Data provided
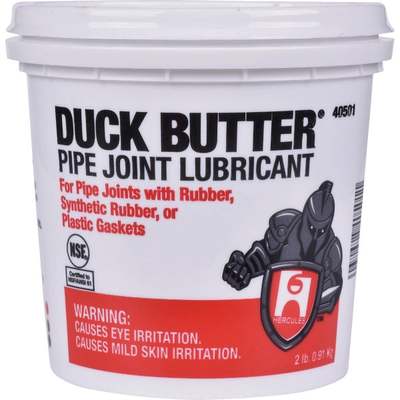PIPE JOINT LUBE 23 OZ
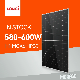 Longi Solar Panel Mono Half Cell 555W 560W 575W 580W 585W 590W PV Module for Solar Power System manufacturer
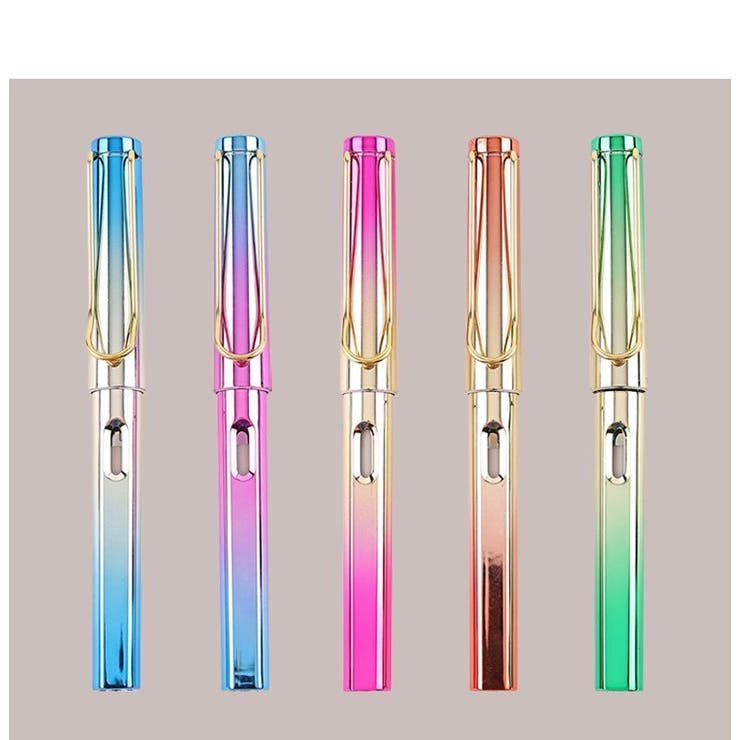 削らない鉛筆 HB えんぴつ | PlusNao | 詳細画像6 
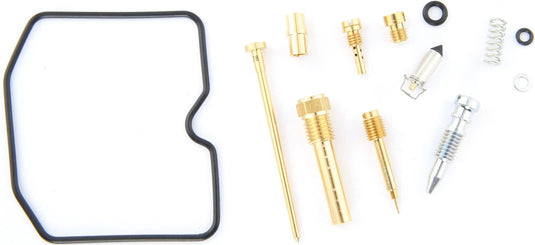 Keyster reparatursatz vergaser carburetor rep kit keyste kk-0069f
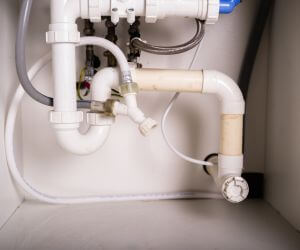 About Water Heater Repair LLC Burdine, KY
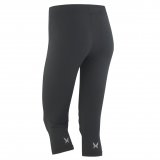 Kari Traa Nora Capri Black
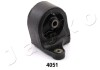 Опора двигуна Honda Civic vii hatchback 1.4 (01-05), Honda Civic vii hatchback 1.6 (01-05) JAPKO GOJ4051 (фото 1)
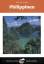 Albrecht G Schaefer: Philippinen : Editi Albrecht G Schaefer: Philippinen : Editi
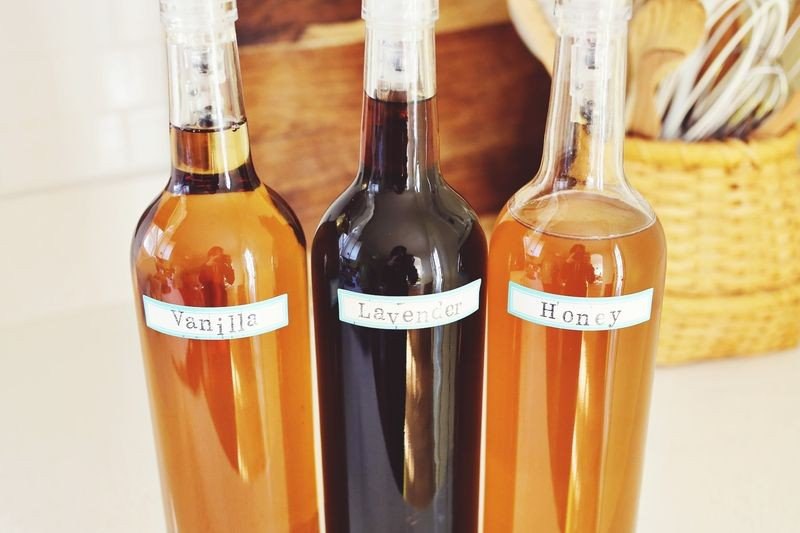 �������� ������: ��������� � �������.������� ����� � ���������������������:����� � 500 ������ � 500 ... - 2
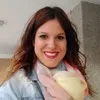 Ines Lancho Garcia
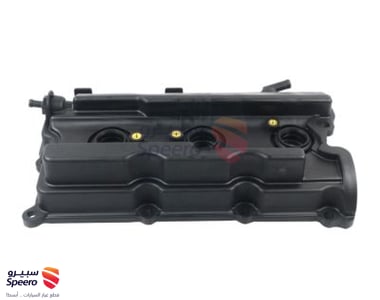 غطاء بلوف مكينة يسار - 13264EA210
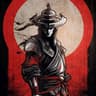 Nagasuta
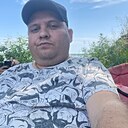Знакомства: Владимир, 38 лет, Самара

Problem
With the pictures left out, copy exactly the lines from the one containing "Longi Solar Panel" through the last line of the data.

Response
 Longi Solar Panel Mono Half Cell 555W 560W 575W 580W 585W 590W PV Module for Solar Power System manufacturer
 削らない鉛筆 HB えんぴつ | PlusNao | 詳細画像6 
 Keyster reparatursatz vergaser carburetor rep kit keyste kk-0069f
 About Water Heater Repair LLC Burdine, KY
 Kari Traa Nora Capri Black
 Опора двигуна Honda Civic vii hatchback 1.4 (01-05), Honda Civic vii hatchback 1.6 (01-05) JAPKO GOJ4051 (фото 1)
 Albrecht G Schaefer: Philippinen : Editi Albrecht G Schaefer: Philippinen : Editi
 �������� ������: ��������� � �������.������� ����� � ���������������������:����� � 500 ������ � 500 ... - 2
 Ines Lancho Garcia
 غطاء بلوف مكينة يسار - 13264EA210
 Nagasuta
Знакомства: Владимир, 38 лет, Самара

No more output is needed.